Appalling, but it is far from an isolated incident. Earlier in the week there were reports of threats having been issued against a journalist working for the Belfast Telegraph.

Increasingly, the website of the NUJ finds itself flagging up the type of intimidation that is wielded against journalists in Britain, the union's general secretary Michelle Stanistreet, voicing her own concern.

If you’re being threatened with rape, if you’re being threatened with grotesque violence, your family members, your children are being threatened over social media, you can’t simply think, ‘Don’t feed the trolls, don’t engage with it … You have to take those threats very seriously. And even if you weren’t, the very fact that this content is appearing in your life, in your home, is incredibly unsettling, and it’s affecting people’s mental health and their well-being.

The backdrop to the Stanistreet comments was a NUJ survey which estimated that one in five journalists claimed to have been physically attacked while a staggering 51% had experienced online abuse, with ethnic minorities and women bearing the brunt.

The specificity of the rape threat being used against journalists was earlier made evident by the UK journalist Lizzie Dearden:

I had been getting hundreds of threatening messages from people calling for me to be raped, attacked or killed. They had been sparked by a report I wrote from a terror trial – an account of what had been said in the court – that was published on The Independent.

It was with this invidious spectre hovering menacingly in the background that a charity group took the initiative and organised an online workshop to explore the matter. Compass Rose Network describes itself as: 

a charity set up in response to dealing with conflict, trauma, peace and reconciliation.
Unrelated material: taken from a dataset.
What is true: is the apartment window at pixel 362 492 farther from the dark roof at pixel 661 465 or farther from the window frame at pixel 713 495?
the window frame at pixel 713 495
We run workshops where ordinary people relate their narratives of conflict and trauma but also how, by telling their story they have gained a transformative life changing experience.

The thinking behind the event, according to one of the proposed speakers, was to "to discuss attacks on women journalists." Invitations had been sent to journalists around the world as well as to academics and others who might have an interest in the subject matter.

Listed as panel speakers were journalists working and living in the North, Felicity McCall, Trisha Devlin and Kathryn Johnson, each of whom was expected to outline their knowledge or experience of the dangers faced by journalists. The keynote address was to be given by Trisha Devlin, who according to one of the organisers, had been subjected to horrific abuse,  “trolled, abused and the safety of her and her baby threatened by loyalist gangsters.” 

 
In an even chillier echo of the experience of those British journalists outlined by Michelle Stanistreet and Lizzie Dearden, the type of horrific abuse hurled the way of Trisha Devlin included a threat to rape her infant son. It is without the slightest difficulty that we can conjure up the horrendous vista of some knuckle dragger being more than prepared to follow through on his threat and then use political motive to mask his predilection for children. As in the case of Lyra McKee who had gone to the PSNI accompanied by a NUJ official to complain about being persistently bullied, stalked and intimidated - ironically on this occasion allegedly by a fellow member of the NUJ - the police have continued farcically directing onlookers away from the scene of the crime. 

With police disinterest shaping a "look the other way" approach, it was crucial that CRN's workshop proceeded so that attention could be brought to matters that both the PSNI and Police Scotland would for some reason rather not see the light of day.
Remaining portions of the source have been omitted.